Hast Du einen ultimativen Tipp für Newcomer zum Einstieg in die Branche?

Stets das Besondere suchen. Gerade heute, wo die Streaming Plattformen immer wichtiger werden. Und versuchen, das Publikum in jeder einzelnen Minute zu fesseln.

Was wünschst Du Dir für Deine berufliche Zukunft?

Ich schreibe momentan an meinem Buch über „Das Spiel mit den Erwartungen“ des Publikums. Dort geht es um die oben bereits erwähnte Zeitmaschine des Bewusstseins und darüber, wie sie Filme und Serien in spannende Events verwandelt. Das Buch ist sozusagen die Essenz all dessen, was ich über Film- und Seriendramaturgie gelernt und entwickelt habe. Für danach wünsche ich mir, noch tiefer in die Arbeit als Dramaturg einzutauchen. Und vielleicht werde ich dann auch wieder ein Drehbuch schreiben, um meine Theorien auch selbst anzuwenden.

 

SANDRA DELASAUCE

Sandra Delasauce ist Mitte der 90er Jahre mit Volontariaten bei OK Radio und MME TV in Hamburg in die Medienbranche eingestiegen. Sie hat zahlreiche non-fiktionale Formate produziert u.a. als Redaktionsleiterin und Senior Producer für Brainpool, Endemol und Boogie Entertainment. 2019 besuchte sie die Weiterbildung zum/r Dramaturg:in & Lektor:inan der MSD, um ihr Fachwissen insbesondere im Serienbereich zu erweitern. Inzwischen verantwortet sie als Head of Entertainment die Formatentwicklung und -produktion für Social Media-Plattformen bei DRIVE beta, darunter u.a. die SWR/YouTube-Show ON MAI WAY.    

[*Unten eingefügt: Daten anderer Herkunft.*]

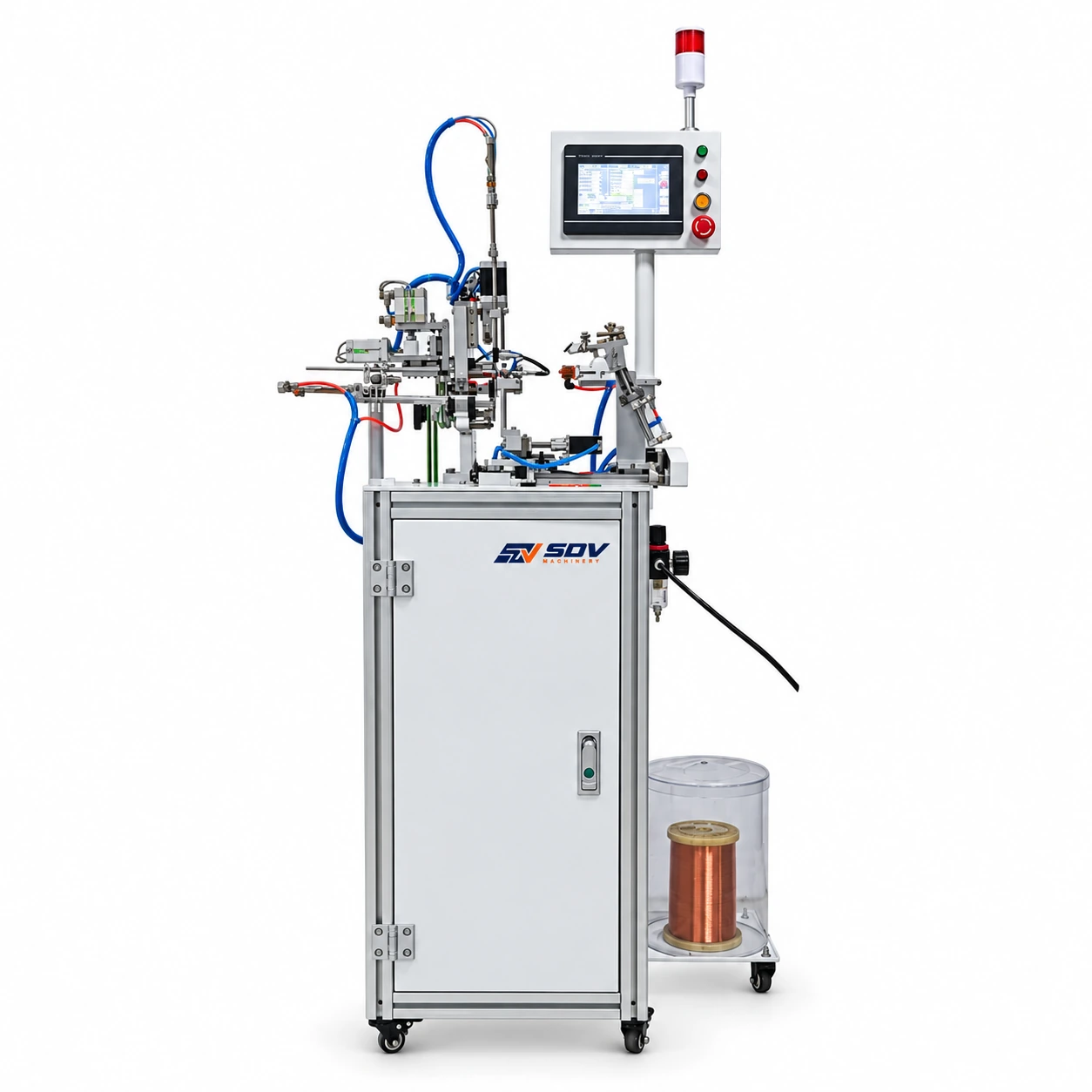 Fully Automatic Hall Coil Winding Machine GW-7004S-HS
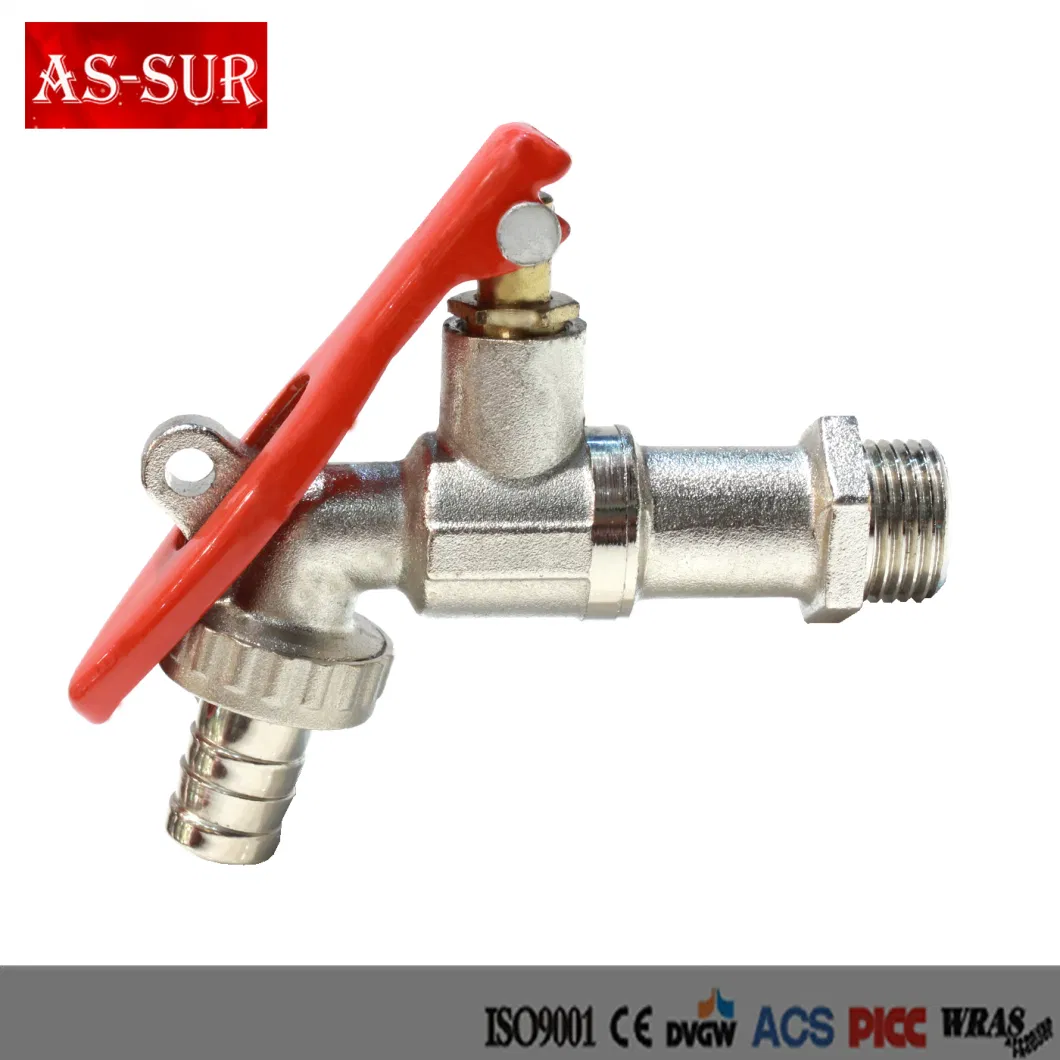 South American Model Zinc Alloy Brass Bibcock Water Tap Faucet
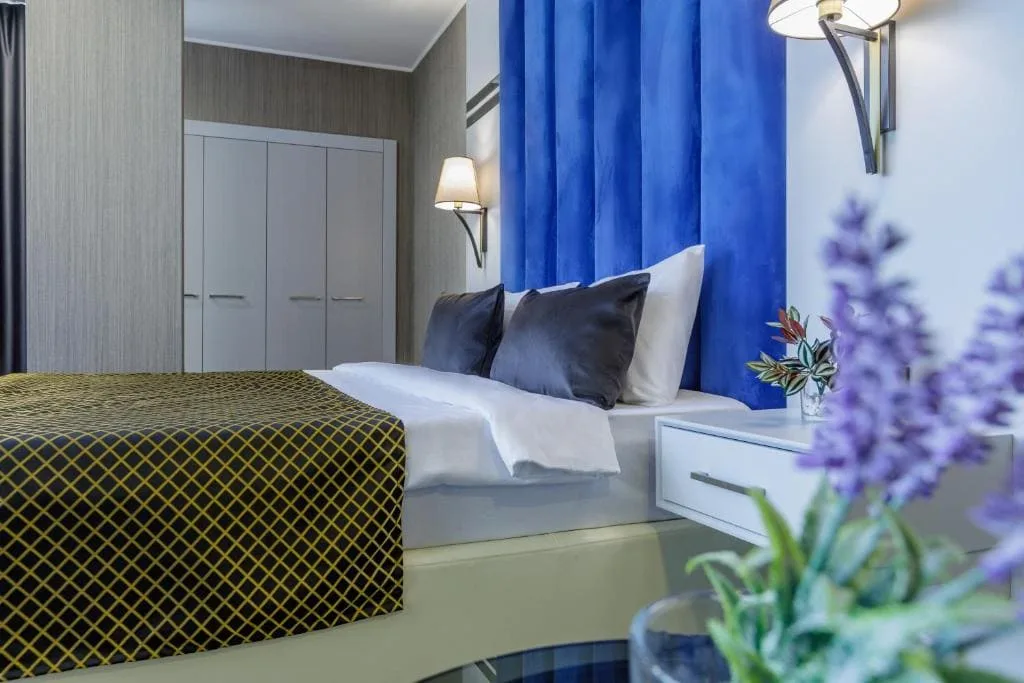 Interior del hotel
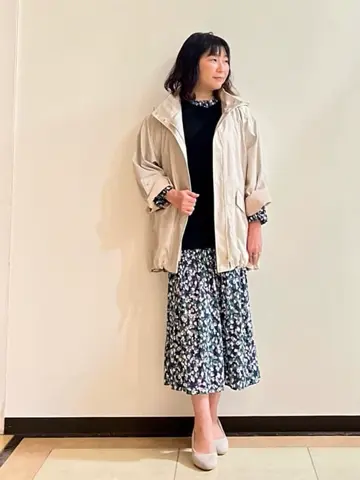 自由区 土居 コーディネート画像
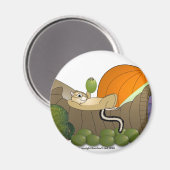Aimant Chipmunk sur Cornucopia (Recto/Verso)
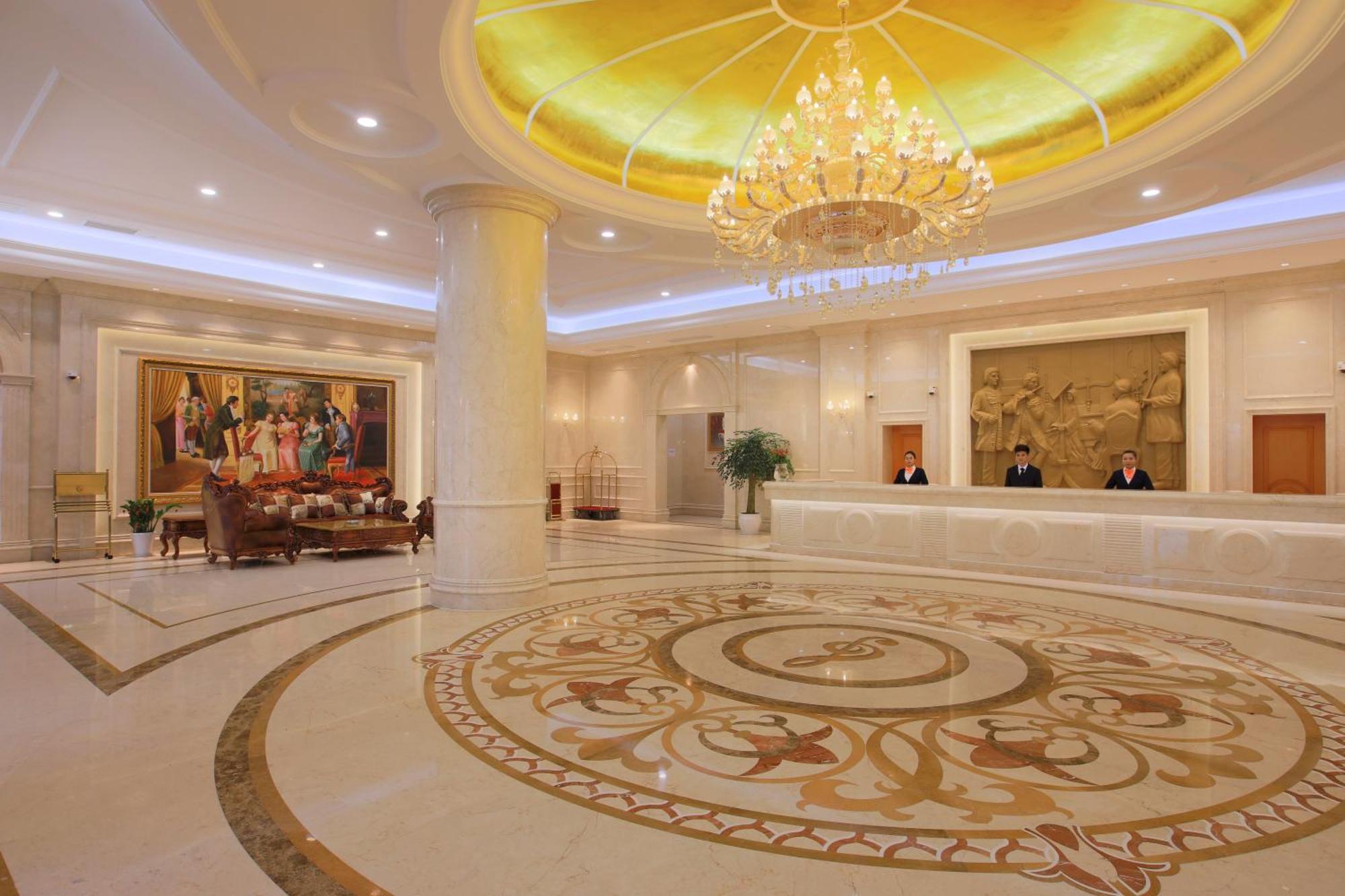 Venus International Hotel Shanghai South Shenjiang Road 외부 사진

Du arbeitest schon sehr lange in der TV-Branche. Was gefällt Dir daran? 

Mir ist Abwechslung und Innovation wichtig. Beides ist in der Medienbranche ja quasi an der Tagesordnung. Nach knapp 15 Jahren TV habe ich mich bereits 2010 auf die „neuen Medien" konzentriert. Ich bin ein großer Fan der Möglichkeiten von digitalem Storytelling.

Was ist der wesentliche Unterschied zwischen Online-Content und gängigen Formaten?

Je nach Plattform und Ausspielweg wird online wesentlich mutiger und auch schneller erzählt. Man traut den Zuschauer:innen mehr zu und wagt zudem inhaltlich mehr Experimente. Demgegenüber setzen die gängigen Formate in der Regel auf bewährte Themen & Macharten, um die Zuschauer:innen nicht zu überfordern. Ich bin immer wieder erstaunt, wie oft sich (beliebte) Themen im TV wiederholen.

Wie kommt Ihr bei DRIVE beta zu Stoffen? Und wie entwickelt Ihr sie? Gibt es eine Art Drehbuch? 

Wir werden regelmäßig von Sendern zu Pitches eingeladen und entwickeln dann Formate für spezielle Sendeplätze und Plattformen oder Zielgruppen. Gerade haben wir auch eine Fiction Unit gegründet und starten 2022 mit ersten Projekten. Wir freuen uns aber auch über Filmemacher:innen und Autor:innen, die mit ihren Ideen zu uns kommen.

Du warst 2019 Teilnehmerin der Weiterbildung Dramatur:in & Lektor:in. Inwiefern hilft Dir das Gelernte bei Deiner Arbeit? 

Ich habe diese Zeit und die Weiterbildung sehr genossen – mir nach so vielen Jahren im Job die Zeit zu nehmen, wieder Theorie und Fachwissen zu lesen und zu lernen. Gerade im Streamingmarkt passiert so viel Spannendes. Da hilft es mir auf jeden Fall, bei der Bewertung und Analyse auf entsprechendes Knowhow und das richtige Wording zurückzugreifen.

Hast Du einen ultimativen Tipp für Newcomer zum Einstieg in die Branche? 

Puh, ich glaube nicht, dass es so etwas gibt. Ein gesundes Selbstbewusstsein ist hilfreich, um sich nicht einschüchtern zu lassen von den vielen wichtigen und lauten Menschen in der Branche. Und wenn jemand etwas ablehnt oder ändern will, „weil wir das schon immer so gemacht haben“ – unbedingt das Weite suchen!

Was wünschst Du Dir für Deine berufliche Zukunft?

Ich wünsche mir spannende Projekte und mutige Programmmacher:innen. Und immer genug Spaß bei der Arbeit – das ist ein oft unterschätzter Faktor und (m)ein wichtigster Antrieb.